Saturday, September 14, 2013

Wilderness Cabins We Have Known

It was one of our normal Canadian wilderness canoe trips. The Dease River in northern B.C. Canada. Our trips had to be at least 200 miles long, few or no roads, and a take-out that permitted me to hitch-hike back to pick up the truck. We were about 75 miles down the river, soft rain falling most of the time, and a heavy narrow chute of white-water, with a log right in the middle, pointed up-stream, just under the water. There is no walking out in this kind of dense country and I was not sure we would miss the spear of this log pointed right up-stream. We took out on the right side, up-stream of the chute and I scouted for a portage trail. There was none to be found. I used an axe to blaze a trail in the dense, wet timber, surprised that there was not a trail.
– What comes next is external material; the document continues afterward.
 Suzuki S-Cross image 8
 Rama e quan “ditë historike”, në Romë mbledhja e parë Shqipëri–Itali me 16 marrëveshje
It was hard sweaty work, with 5 carries of our gear to the top of a ten foot cliff where we lowered our canoe and gear down to the river. The bugs were bad. Our bug jackets and head-nets helped but black flies got under my shirt and my back was covered with red welts. The rain continued but much colder now. It was time to camp but cliffs on both sides were not inviting. Shirley and I were both feeling some numbness and were getting colder. Around a big bend and high on the left bank I saw it. A trappers cabin. But how the heck do you get up the cliff? I finally found steps carved in the cliff side and we climbed up to our home for the night. Plenty of split fire wood, a vegetable garden with all kinds of greens. The out house behind the garden and Grizzly tracks everywhere. A hot fire, stripped ourselves to the bone to dry in the warm heat of the cabin, and Shirley's hot beef & vegetable stew. I stood guard with our shotgun while Shirley used the out-house. We slept like babies that night. Warm and dry. A warm morning sun made the world seem right. We will not forget our wilderness cabin on the Dease.